Contam as tiras que o sonho de Mafalda era ser intérprete da ONU para curar o mundo da sua maior enfermidade. Sempre que um político falasse “guerra e discórdia”, ela traduziria por “paz e união”. É uma ingenuidade, evidentemente, até mesmo porque os belicistas mentem mais, atiram antes de dialogar e só depois buscam pretextos para suas perversidades. Mas a ideia de uma tradutora humanitária provocando mal-entendidos bem intencionados nos faz sorrir e pensar.

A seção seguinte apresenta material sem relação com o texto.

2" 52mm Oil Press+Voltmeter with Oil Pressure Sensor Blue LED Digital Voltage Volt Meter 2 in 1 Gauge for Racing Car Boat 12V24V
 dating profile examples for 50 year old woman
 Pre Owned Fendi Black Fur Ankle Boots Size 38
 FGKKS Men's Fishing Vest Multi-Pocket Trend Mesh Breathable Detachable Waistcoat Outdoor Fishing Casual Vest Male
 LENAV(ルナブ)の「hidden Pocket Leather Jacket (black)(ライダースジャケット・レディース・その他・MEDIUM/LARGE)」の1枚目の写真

O que Mafalda realmente traduz, com perguntas fulminantes e observações irônicas sobre temas como consumismo, desigualdades sociais e agressões ambientais, é o inconformismo da sua legião de fãs com as injustiças do mundo. Ela não mexe apenas com a imaginação dos leitores: mexe com suas consciências.
A garotinha prodígio é um verdadeiro grilo falante no ouvido dos adultos insensíveis e dos poderosos. Considerada a data de sua criação, Mafalda fará 58 anos no próximo dia 30 de setembro, mas nunca deixou de ser menina. Aliás, como diz uma amiga querida da minha geração, hoje em dia qualquer menina tem 58 anos. Além disso, a própria Mafalda deixou uma mensagem inspirada sobre a passagem do tempo:
— Que importa a idade? O que realmente importa é perceber que, no fim das contas, a melhor idade da vida é estar viva — registrou Quino pela voz de sua filha dileta.
Mafalda não virou intérprete da ONU, mas me ajudou a entender melhor a língua espanhola quando trabalhei na cobertura da Copa da Argentina, em 1978. Em Mar del Plata, onde acompanhei a Seleção Brasileira, tive a oportunidade de comprar uma coleção inteira de revistinhas da menina que conversa com o globo terrestre como se ele fosse um membro da família. São as minhas cenas preferidas. Ainda me lembro bem de uma tira em que a mãe de Mafalda, em meio à faxina da casa, pede à filha para passar o espanador na esfera empoeirada. Ela olha para o globo durante algum tempo e questiona:
— Es para limpiar todos los países o solo los mal gobernados?
Por favor, relevem algum eventual erro de espanhol. Aprendi com uma menininha de seis anos. Viva Mafalda! Gracias, Quino!